Governor of West Coast Sumatra
- In office November 1837 – February 1849
- Appointed by: Kingdom of the Netherlands
- Preceded by: Emanuel Alexander Intveld Francis
- Succeeded by: Jan van Swieten

Personal details
- Born: 30 May 1797 Maastricht, French Republic
- Died: 25 May 1849 (aged 51) Kusamba, Bali

= Andreas Victor Michiels =

Dutch officer (1797–1849)

Andreas Victor Michiels (30 May 1797 – 25 May 1849) was a Dutch military and administrative officer in the Dutch East Indies. He was Governor of West Coast Sumatra from 1837 until 1849. In 1849 he was appointed commander of the Royal Dutch East Indies Army. He led the Dutch 3rd expedition in Bali, in which he perished in May 1849.

== Early life and military career ==
Michiels entered military service at age 17 years, participated in the Battle of Waterloo, and in 1817 went to the island of Java, where he was directly involved in the conflict in Cirebon. On 29 August 1818 he was promoted to captain.
He fought in the Java War as a colonel commandant. On 22 November 1828, King William I appointed Michiels a knight and officer in the Military William Order, one year before he was appointed as a major. In the years 1831 and 1832, he participated in the conquest of Narras and Kottiangan, in 1832, he led an expedition against the Jambi Sultanate; the month of May in that year he was appointed lieutenant-colonel and in November he was awarded a knighthood in the Order of the Netherlands Lion. He led the raid on Bonjol and under his leadership he was able to take it.
For his success, he was promoted to colonel on 3 October 1837. Under his leadership, in 1838 he conquered Kuta, and in 1840 overpowered Barus, Tapoes and Singkil, in 1841 he suppressed a rebellion in Batipo and in 1844 and 1845, a general attack was launched. Michiels also received the honor of the Dutch people for the achievement. In 1841, he was appointed as an aide in the special service of kings and commanders of the Military William Order. In 1843, Michiels obtained the rank of major general.

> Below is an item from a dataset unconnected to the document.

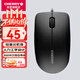 CHERRY櫻桃 MC1000有線(xiàn)鼠標商務(wù)辦公家用鼠標人力工學(xué)對稱(chēng)設計輕量化高分辨率1200DPI黑色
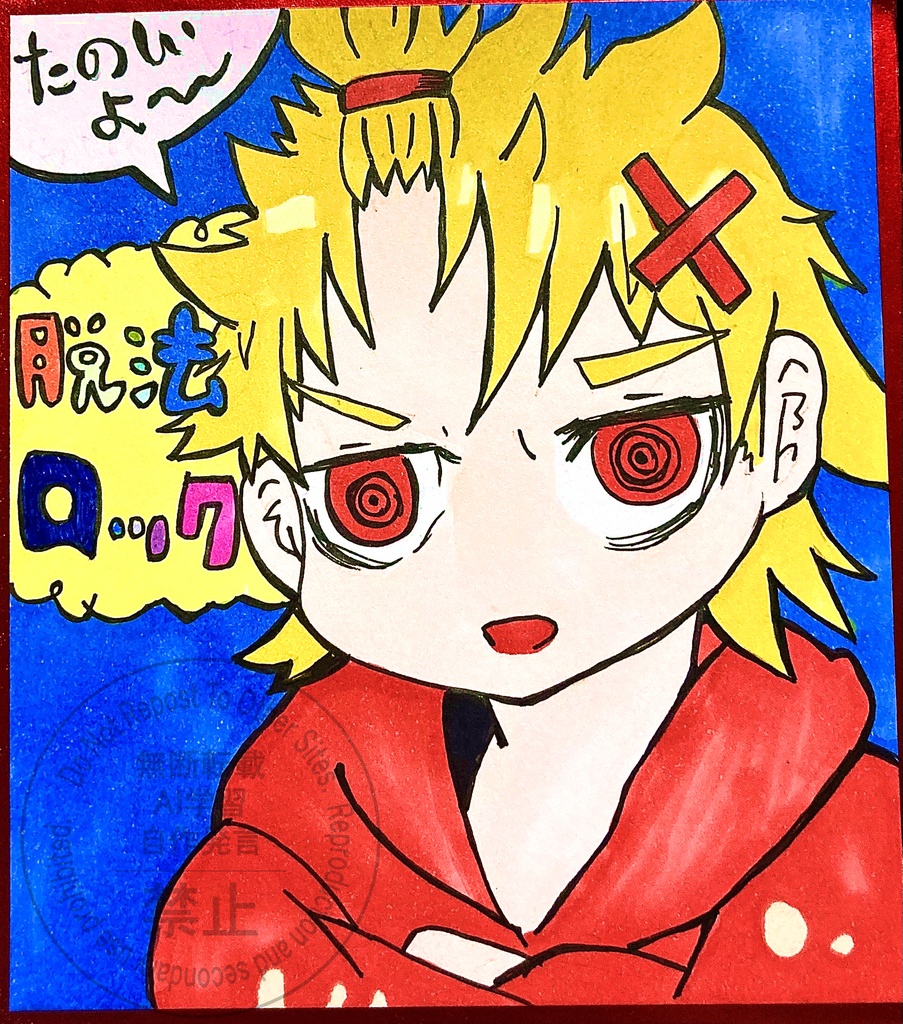 鏡音レン 色紙原画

== Governor of West Coast of Sumatra ==
On 20 November 1837, Michiels was appointed governor of the West Coast of Sumatra. He supported the traditional leaders and with their assistance, the Dutch government was established in the Minangkabau highlands. His policy was rather rough and was criticized by Ferdinand Vermeulen Krieger and Wolter Robert van Hoëvell.

As governor of the West Coast of Sumatra, in 1843, Michiels had a serious clash with Eduard Douwes Dekker, who was then serving as controller at Natal (now in Mandailing Natal Regency, North Sumatra) because of a cash budget deficit. Dekker was suspended from office, and moved to Padang without earning anything. Dekker included a character General Van Damme in his novel Max Havelaar based upon Michiels.

== End of life ==
On 19 February 1849 Michiels was appointed temporary commander of the Royal Dutch East Indies Army and leader of government affairs and chairman of Bali for the 3rd expedition against a number of kingdoms in Bali. He was succeeded as governor by Jan van Swieten. After victories in a number of skirmishes, Michiels was killed in a night attack led by Dewa Agung Istri Kanya. His tombstone is now in a cemetery now known as Taman Prasasti Museum, Jakarta, Indonesia.